Even as we think about the longer term—what tasks will be in demand and how to meet that demand, what “having a job” will mean, how to reinvent economic security for a different kind of economy—we need to move quickly to develop solutions that make a difference now, particularly as workers are displaced in large parts of the job economy we have. The Toys “R” Us experience shows what that can look like and what it can accomplish, to cushion those most vulnerable to change.

A tale both hopeful and cautionary

In the retail sector’s peak season, the collapse of a popular consumer brand—one with thousands of long-term and loyal employees—represents a tale both cautionary and inspiring. On the cautionary side, it is a reminder of just how rapidly large numbers of workers can be affected by industry shifts, and by private investment as a central force in those shifts. On the hopeful and more surprising side, it is a reminder that investors have choices—and that we can build a rapid-response infrastructure to cushion such job losses and widespread store closures.

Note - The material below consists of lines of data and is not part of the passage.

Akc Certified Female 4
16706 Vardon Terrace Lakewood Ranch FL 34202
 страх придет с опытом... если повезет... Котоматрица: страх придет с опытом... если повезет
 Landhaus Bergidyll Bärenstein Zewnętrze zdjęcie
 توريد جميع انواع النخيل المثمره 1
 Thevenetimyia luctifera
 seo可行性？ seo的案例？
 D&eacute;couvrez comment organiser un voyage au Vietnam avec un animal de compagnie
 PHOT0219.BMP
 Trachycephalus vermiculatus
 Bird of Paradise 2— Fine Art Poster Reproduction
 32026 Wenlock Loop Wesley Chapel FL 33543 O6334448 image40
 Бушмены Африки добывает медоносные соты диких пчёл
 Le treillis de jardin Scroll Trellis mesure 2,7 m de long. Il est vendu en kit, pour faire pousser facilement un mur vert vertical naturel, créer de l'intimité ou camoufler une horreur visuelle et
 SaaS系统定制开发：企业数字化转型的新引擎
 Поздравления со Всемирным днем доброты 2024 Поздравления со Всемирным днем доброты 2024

Likewise, lets remember that private investors did well even when leveraged buy-outs and share buy-backs and the like were not the norm in the capital markets—i.e., long before the “financialization” of so much profit in the economy. Renowned business journalist Rana Foroohar offers an exhaustively documented and persuasive case in her acclaimed book, Makers and Takers: The Rise of Finance and the Fall of American Business (2016). Scholarly experts and some of the world’s leading investors, from BlackRock CEO Larry Fink to Warren Buffett, have made the case as well.

The better we understand what really drives job creation and job loss in our economy, the better equipped we will be to act now in ways that matter for workers and companies alike, long into the future. The case of Toys “R” Us shows that rapid and painful economic dislocation is not a predetermined outcome—let alone an iron law of successful capitalism—after all.

Note: An earlier version of this piece incorrectly stated that Amazon has annual sales of over $900 billion, a figure indicating the company’s recent market capitalization, which fluctuates significantly as its stock is traded each day. The correct and most up-to-date sales figure is $177.9 billion in sales in 2018, as amended above.